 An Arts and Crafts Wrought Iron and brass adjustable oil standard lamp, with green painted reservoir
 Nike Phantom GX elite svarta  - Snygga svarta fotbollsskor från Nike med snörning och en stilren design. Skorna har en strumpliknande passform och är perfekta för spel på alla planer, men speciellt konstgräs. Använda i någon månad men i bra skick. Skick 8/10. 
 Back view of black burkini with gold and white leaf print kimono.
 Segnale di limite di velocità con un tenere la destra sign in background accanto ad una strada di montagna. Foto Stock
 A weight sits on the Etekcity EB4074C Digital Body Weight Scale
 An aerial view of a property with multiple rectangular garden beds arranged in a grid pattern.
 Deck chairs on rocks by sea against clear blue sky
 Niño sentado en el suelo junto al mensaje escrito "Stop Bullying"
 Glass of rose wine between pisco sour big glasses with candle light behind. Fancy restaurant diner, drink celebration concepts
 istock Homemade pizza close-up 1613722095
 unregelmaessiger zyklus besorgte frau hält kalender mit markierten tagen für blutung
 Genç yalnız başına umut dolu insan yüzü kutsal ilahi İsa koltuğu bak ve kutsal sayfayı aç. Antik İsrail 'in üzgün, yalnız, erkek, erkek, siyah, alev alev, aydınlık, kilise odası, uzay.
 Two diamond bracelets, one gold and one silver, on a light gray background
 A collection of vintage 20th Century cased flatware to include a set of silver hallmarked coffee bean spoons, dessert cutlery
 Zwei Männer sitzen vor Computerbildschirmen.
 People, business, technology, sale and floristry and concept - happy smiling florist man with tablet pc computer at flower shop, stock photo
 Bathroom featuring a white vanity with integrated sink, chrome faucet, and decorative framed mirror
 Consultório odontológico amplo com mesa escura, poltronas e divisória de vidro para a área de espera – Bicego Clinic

######

▸ TRY IT
Using the material above, transcribe exactly the lines from the line with "istock Homemade pizza close-up 1613722095" to the line with "Zwei Männer sitzen vor Computerbildschirmen."; both count, and nothing else goes in.

▸ RESULT OF THIS TASK
 istock Homemade pizza close-up 1613722095
 unregelmaessiger zyklus besorgte frau hält kalender mit markierten tagen für blutung
 Genç yalnız başına umut dolu insan yüzü kutsal ilahi İsa koltuğu bak ve kutsal sayfayı aç. Antik İsrail 'in üzgün, yalnız, erkek, erkek, siyah, alev alev, aydınlık, kilise odası, uzay.
 Two diamond bracelets, one gold and one silver, on a light gray background
 A collection of vintage 20th Century cased flatware to include a set of silver hallmarked coffee bean spoons, dessert cutlery
 Zwei Männer sitzen vor Computerbildschirmen.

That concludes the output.